SB: It might have because she’s a very different women now. She’s a successful businesswoman and has been. So I didn’t want to smarten her up. I’m afraid if I would have seen her in that way I would have added elements of that and this is a woman that’s really messed up.
(213): With such a diverse body of work, from The Poker House to Storytelling to even Hellboy, is there anything specific you look for when choosing a project to work on?
SB: No, I’m just all over the place. Sometimes it’s the director, sometimes there’s like two words in that script where I’m like I wanna say those words! The whole rest of the script might be hogwash, but your like I get one scene where I get to do this so it’s gonna be fun.
(213): As far as Liz Sherman in Hellboy goes, is it odd for you going into a store and seeing a doll of yourself?
SB: I love it – I just love it! I have no shame! (Laughs) Everyone else is like “Oh, it’s weird!’ and I’m like, ‘No way – it’s not weird!’ I wish I could give it to all my friends. I love it – she’s so petite and she looked taller!
(213): Did you feel there were things on Hellboy 2 that you incorporated from the first film but never got a chance to do?

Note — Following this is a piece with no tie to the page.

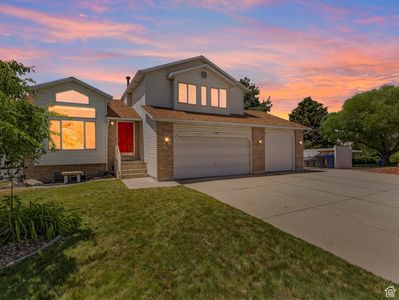 7692 S Canterbury Ln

SB: It was really tricky on Hellboy 2 because it was a completely different character. In Hellboy one she was so damaged and had all this baggage – she was like a twelve year old. It was a very sweet awkward kind of gothic weird thing and then in the second one she was a woman and it was important and that was difficult. It was a very different character.
(213): I have to ask – since Todd Solondz is so secretive about his process as a director, could you talk about working with him on Storytelling?
SB: I love Todd. Forever I will consider him to be one of my dearest friends even though we don’t speak very much right now. He is a very private man and a very special man and I think he says what he wants through his work. His writing is so succinct, his things are so darkly comedic and I find to be very true. He’s very specific and it was such a perfect and controlled environment – I’ve never loved being on a set as much as I did on Todd’s.